Tuesday, August 13, 2013

There's Two Ways To Budget a Low Budget Flick.... The Pie In The Sky or The Sky In Pie...


After getting off the phone today with two different producers in regards to two different features I am producing and when I say different kinds of producers I don't mean apples and oranges different, I mean elephants and angel food cake different.  But I digress.  In my humble experience of producing I think ten low-ish budget features I came to the conclusion that there are two ways to budget a low-budgy-flickeroni;  You can go out and hire a fancy production manager, or a not so fancy production manager, and pay them their fee, or promise them a job if the movie finds its way to a producer, and lop off the script to them and say "budget this" I call this the "pie in the sky" budgeting;  or,  you can go to a production manager and you say "this is the budget" and then they budget the movie, and when I say budget, they work with what you actually have or think you can get.  I call this "the sky in the pie" budgeting.   You see,  at the end of the day it really doesn't matter if the line producer says what the f*** the budget is, because the budget is how much you have in the bank to make the movie, (or in a Prada shoe box, or how much room you have on your credit car) that is the budget of the movie not what some bourgeoisy production manager tells you what the budget it.   No offense to PMs because that's a job I would never want to have (though did do it on one feature "Life On The Road With Mr. & Mrs.
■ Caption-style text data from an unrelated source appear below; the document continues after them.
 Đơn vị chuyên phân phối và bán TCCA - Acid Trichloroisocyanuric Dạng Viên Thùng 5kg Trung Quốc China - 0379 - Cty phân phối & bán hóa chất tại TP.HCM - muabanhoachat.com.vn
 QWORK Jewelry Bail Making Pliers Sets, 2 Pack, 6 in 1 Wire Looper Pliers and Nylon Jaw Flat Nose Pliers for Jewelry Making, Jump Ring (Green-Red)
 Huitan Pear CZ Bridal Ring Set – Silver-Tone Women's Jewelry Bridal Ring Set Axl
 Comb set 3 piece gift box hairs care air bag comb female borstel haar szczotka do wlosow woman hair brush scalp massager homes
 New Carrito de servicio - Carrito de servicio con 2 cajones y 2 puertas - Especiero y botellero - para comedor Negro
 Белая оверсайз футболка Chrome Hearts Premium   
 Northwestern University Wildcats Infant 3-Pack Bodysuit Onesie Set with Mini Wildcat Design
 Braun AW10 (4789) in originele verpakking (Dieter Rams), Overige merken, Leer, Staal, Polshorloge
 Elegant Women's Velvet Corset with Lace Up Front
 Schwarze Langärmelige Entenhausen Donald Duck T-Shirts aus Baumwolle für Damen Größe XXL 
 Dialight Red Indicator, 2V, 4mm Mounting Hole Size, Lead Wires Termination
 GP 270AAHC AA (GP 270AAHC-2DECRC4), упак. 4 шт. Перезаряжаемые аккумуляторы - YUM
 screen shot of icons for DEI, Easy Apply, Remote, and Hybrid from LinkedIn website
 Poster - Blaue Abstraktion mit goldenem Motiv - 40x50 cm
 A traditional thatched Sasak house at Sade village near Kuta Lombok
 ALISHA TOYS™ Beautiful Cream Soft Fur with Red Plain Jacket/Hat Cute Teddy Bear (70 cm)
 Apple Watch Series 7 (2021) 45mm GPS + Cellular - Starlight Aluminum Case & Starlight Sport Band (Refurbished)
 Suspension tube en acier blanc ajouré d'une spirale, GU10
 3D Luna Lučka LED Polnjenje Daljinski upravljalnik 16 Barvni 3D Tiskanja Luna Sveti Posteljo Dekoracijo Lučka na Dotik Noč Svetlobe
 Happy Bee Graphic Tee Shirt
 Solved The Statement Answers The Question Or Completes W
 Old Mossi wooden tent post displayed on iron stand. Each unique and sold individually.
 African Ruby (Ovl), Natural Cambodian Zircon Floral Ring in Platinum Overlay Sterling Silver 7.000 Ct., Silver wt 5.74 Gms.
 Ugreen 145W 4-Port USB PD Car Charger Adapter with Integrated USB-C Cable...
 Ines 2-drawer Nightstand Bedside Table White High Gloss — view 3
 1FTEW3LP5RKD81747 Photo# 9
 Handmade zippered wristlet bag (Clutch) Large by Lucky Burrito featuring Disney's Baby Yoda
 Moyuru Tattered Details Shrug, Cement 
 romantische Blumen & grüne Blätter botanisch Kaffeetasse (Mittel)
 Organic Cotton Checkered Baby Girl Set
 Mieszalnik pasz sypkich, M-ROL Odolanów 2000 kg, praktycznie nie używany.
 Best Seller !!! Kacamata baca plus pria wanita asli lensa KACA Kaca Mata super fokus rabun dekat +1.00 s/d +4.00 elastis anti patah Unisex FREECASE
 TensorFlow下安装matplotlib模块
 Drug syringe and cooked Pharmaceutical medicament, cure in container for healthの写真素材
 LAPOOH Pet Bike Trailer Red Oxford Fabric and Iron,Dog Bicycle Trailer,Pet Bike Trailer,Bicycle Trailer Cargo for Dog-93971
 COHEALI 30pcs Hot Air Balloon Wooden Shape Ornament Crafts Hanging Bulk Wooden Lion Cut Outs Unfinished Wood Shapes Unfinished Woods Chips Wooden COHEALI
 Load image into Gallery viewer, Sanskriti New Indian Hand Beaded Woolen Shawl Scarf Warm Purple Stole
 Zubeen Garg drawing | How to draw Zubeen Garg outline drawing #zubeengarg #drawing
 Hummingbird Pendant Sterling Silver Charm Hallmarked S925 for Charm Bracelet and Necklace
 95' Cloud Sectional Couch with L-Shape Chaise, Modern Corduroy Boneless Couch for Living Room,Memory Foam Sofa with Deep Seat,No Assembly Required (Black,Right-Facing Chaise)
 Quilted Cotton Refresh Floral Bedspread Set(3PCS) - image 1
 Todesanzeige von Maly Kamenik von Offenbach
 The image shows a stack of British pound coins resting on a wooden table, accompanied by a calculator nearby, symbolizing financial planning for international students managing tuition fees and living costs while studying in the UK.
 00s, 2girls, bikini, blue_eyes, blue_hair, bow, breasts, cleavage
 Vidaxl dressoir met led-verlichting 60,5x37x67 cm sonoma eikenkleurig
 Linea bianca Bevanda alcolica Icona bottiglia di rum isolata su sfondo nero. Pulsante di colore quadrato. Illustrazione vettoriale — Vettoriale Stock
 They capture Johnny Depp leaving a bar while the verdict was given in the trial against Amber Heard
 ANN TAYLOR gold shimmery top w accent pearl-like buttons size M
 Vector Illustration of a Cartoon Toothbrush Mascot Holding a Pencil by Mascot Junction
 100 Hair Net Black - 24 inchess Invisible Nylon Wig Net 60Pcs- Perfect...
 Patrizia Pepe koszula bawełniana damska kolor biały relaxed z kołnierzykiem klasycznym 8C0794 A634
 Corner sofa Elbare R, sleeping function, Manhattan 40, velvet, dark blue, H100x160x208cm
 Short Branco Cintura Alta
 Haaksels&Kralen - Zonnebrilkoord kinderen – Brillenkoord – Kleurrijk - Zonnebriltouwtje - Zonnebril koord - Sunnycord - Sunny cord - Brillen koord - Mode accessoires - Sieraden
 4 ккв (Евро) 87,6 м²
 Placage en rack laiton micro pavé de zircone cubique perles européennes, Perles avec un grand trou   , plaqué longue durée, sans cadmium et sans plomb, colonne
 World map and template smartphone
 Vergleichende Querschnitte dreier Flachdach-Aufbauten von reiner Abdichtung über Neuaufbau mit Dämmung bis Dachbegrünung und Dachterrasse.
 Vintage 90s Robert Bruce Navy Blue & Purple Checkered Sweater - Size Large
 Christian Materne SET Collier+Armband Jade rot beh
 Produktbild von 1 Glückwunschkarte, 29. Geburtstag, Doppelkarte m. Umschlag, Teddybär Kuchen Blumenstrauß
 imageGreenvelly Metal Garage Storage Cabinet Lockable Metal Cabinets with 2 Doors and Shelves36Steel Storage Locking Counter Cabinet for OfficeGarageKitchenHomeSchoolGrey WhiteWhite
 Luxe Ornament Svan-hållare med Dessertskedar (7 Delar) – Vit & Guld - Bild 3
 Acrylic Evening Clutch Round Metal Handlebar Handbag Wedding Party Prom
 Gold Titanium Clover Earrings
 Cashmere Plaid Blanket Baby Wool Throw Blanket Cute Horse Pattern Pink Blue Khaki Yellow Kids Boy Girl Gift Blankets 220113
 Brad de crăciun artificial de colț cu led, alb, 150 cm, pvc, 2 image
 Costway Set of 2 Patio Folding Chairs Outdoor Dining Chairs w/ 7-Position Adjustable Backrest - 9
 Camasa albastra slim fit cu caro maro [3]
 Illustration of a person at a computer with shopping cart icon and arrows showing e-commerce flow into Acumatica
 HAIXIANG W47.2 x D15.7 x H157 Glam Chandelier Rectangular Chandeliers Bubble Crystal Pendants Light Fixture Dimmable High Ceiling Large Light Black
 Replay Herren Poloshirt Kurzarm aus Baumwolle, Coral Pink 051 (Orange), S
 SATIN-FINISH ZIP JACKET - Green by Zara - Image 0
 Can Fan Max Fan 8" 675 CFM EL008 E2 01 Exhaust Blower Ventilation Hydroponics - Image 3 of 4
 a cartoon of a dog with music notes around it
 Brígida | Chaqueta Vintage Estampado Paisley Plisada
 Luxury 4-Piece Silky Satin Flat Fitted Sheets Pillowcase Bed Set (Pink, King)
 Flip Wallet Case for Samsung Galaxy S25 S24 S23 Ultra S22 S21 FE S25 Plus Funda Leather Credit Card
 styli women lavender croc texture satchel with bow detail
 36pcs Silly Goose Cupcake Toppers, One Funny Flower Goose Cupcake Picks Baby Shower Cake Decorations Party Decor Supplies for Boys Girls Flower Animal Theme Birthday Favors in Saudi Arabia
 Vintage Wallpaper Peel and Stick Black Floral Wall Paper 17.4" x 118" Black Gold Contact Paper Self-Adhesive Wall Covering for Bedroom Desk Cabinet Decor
Brown" along with many other jobs, like directing, producing,  driving James Brown's wife to re-hab twice,  fending psychotics, but that's another story), but a production manager is not a producer, and usually doesn't think like a producer.  A good producer (in my opinion) thinks with the concept of "This is what I have to make this thing, so lets go for it, and make it happen some how, even if it means flirting with your ex-boyfriend editor to do a rough cut of the movie for free (but lets face it, these favors aren't really free either, but you play the card because hell, it's a solution so your investors don't chop your balls off for not finishing the movie."

Moral of the story, don't be a robot, and try not to hire a robot production manager who can't think a little outside the box, movies are meant to made not to be theorized about.